Your reply should contain the whole listing below, repeated exactly, and no images.

Source data >>
☆ ☆ ☆ ☆

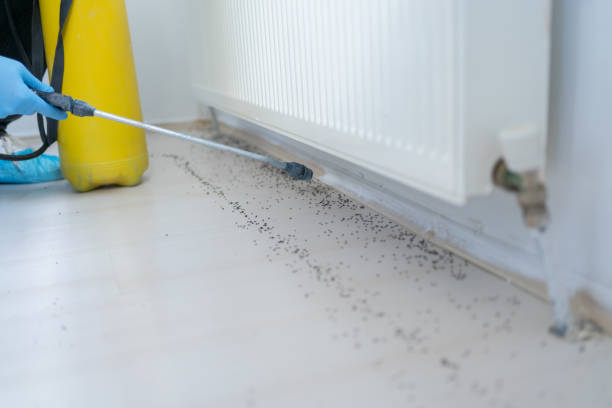 Best Affordable Pest Control Services  in Woodville, CA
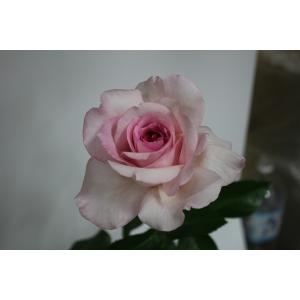 バラ苗 フロウトワ4号 今井清作出 切り花品種接ぎ木（植え替えず11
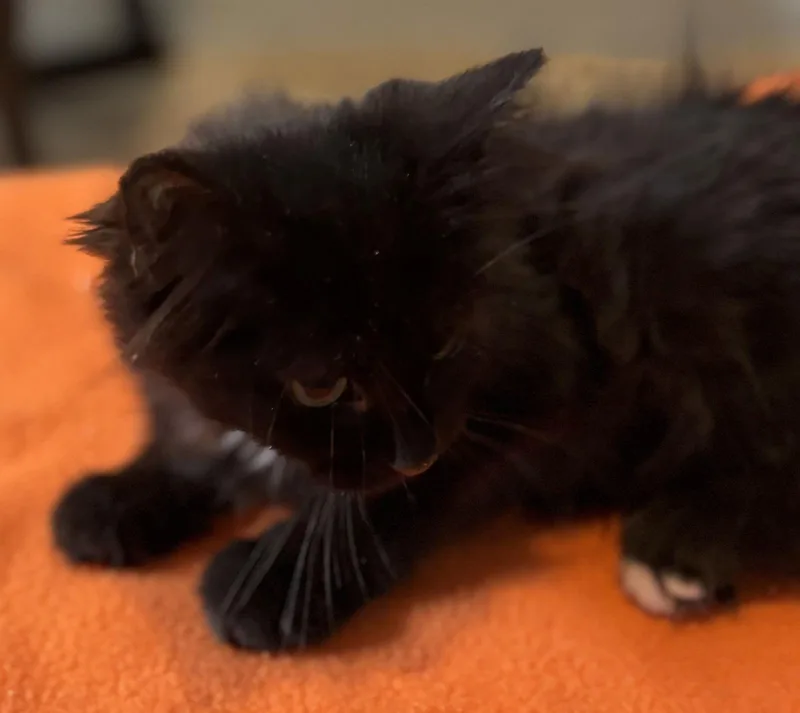 Pit Stop thumbnail 3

☆ ☆ ☆ ☆

Solution for this task >>
 Best Affordable Pest Control Services  in Woodville, CA
 バラ苗 フロウトワ4号 今井清作出 切り花品種接ぎ木（植え替えず11
 Pit Stop thumbnail 3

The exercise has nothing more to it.